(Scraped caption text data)
◆ ◆ ◆ ◆ ◆

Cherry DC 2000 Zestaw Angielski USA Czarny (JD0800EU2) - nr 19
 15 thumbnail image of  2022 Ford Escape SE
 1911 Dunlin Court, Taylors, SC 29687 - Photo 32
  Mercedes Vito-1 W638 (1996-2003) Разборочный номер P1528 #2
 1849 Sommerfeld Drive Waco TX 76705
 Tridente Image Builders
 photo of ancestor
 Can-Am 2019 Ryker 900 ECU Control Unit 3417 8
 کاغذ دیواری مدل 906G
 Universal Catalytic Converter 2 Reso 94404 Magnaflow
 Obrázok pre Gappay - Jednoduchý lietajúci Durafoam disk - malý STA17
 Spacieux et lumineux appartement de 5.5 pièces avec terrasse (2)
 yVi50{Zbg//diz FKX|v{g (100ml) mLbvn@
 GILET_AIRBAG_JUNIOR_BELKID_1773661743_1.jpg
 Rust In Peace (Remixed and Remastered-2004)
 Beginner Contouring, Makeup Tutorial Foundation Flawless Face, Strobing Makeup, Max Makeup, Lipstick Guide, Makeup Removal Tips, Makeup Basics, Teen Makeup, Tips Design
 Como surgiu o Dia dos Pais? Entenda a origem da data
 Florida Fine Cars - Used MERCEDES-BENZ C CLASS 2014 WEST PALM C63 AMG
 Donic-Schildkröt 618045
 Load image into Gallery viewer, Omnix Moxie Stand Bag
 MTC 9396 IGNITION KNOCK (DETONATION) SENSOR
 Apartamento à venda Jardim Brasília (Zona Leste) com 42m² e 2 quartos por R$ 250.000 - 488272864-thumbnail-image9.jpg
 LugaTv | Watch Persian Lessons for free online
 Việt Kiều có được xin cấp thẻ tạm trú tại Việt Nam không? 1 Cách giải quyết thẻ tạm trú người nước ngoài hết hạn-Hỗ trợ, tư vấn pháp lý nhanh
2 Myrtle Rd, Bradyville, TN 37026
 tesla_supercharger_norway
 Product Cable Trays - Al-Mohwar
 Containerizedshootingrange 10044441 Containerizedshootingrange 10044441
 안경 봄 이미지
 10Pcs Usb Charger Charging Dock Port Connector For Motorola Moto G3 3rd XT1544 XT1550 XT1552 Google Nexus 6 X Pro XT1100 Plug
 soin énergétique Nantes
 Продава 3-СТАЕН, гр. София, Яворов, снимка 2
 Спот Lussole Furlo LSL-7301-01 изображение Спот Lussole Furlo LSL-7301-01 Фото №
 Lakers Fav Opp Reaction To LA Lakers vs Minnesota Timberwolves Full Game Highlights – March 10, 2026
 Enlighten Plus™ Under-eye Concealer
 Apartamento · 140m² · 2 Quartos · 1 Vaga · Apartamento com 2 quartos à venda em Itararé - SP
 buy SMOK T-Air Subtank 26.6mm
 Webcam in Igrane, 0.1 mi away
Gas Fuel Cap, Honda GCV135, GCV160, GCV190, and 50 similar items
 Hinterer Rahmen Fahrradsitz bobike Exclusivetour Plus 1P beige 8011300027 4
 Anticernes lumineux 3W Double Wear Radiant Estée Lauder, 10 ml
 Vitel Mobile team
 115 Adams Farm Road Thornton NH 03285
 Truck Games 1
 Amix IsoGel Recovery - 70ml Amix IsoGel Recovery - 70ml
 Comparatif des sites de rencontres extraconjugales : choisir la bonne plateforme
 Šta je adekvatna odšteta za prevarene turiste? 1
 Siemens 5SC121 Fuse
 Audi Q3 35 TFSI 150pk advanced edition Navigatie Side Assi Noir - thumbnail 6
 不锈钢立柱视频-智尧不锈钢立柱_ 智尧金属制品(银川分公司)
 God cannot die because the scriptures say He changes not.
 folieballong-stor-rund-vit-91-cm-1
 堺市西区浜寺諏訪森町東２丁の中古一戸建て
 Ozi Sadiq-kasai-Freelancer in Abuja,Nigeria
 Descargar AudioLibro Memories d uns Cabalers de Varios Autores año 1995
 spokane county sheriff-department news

◆ ◆ ◆ ◆ ◆

### Task instructions
Transcribe the lines from the first line of the records through the line that contains "Продава 3-СТАЕН, гр. София, Яворов, снимка 2", both included, and add nothing else.

### Answer space
Cherry DC 2000 Zestaw Angielski USA Czarny (JD0800EU2) - nr 19
 15 thumbnail image of  2022 Ford Escape SE
 1911 Dunlin Court, Taylors, SC 29687 - Photo 32
  Mercedes Vito-1 W638 (1996-2003) Разборочный номер P1528 #2
 1849 Sommerfeld Drive Waco TX 76705
 Tridente Image Builders
 photo of ancestor
 Can-Am 2019 Ryker 900 ECU Control Unit 3417 8
 کاغذ دیواری مدل 906G
 Universal Catalytic Converter 2 Reso 94404 Magnaflow
 Obrázok pre Gappay - Jednoduchý lietajúci Durafoam disk - malý STA17
 Spacieux et lumineux appartement de 5.5 pièces avec terrasse (2)
 yVi50{Zbg//diz FKX|v{g (100ml) mLbvn@
 GILET_AIRBAG_JUNIOR_BELKID_1773661743_1.jpg
 Rust In Peace (Remixed and Remastered-2004)
 Beginner Contouring, Makeup Tutorial Foundation Flawless Face, Strobing Makeup, Max Makeup, Lipstick Guide, Makeup Removal Tips, Makeup Basics, Teen Makeup, Tips Design
 Como surgiu o Dia dos Pais? Entenda a origem da data
 Florida Fine Cars - Used MERCEDES-BENZ C CLASS 2014 WEST PALM C63 AMG
 Donic-Schildkröt 618045
 Load image into Gallery viewer, Omnix Moxie Stand Bag
 MTC 9396 IGNITION KNOCK (DETONATION) SENSOR
 Apartamento à venda Jardim Brasília (Zona Leste) com 42m² e 2 quartos por R$ 250.000 - 488272864-thumbnail-image9.jpg
 LugaTv | Watch Persian Lessons for free online
 Việt Kiều có được xin cấp thẻ tạm trú tại Việt Nam không? 1 Cách giải quyết thẻ tạm trú người nước ngoài hết hạn-Hỗ trợ, tư vấn pháp lý nhanh
2 Myrtle Rd, Bradyville, TN 37026
 tesla_supercharger_norway
 Product Cable Trays - Al-Mohwar
 Containerizedshootingrange 10044441 Containerizedshootingrange 10044441
 안경 봄 이미지
 10Pcs Usb Charger Charging Dock Port Connector For Motorola Moto G3 3rd XT1544 XT1550 XT1552 Google Nexus 6 X Pro XT1100 Plug
 soin énergétique Nantes
 Продава 3-СТАЕН, гр. София, Яворов, снимка 2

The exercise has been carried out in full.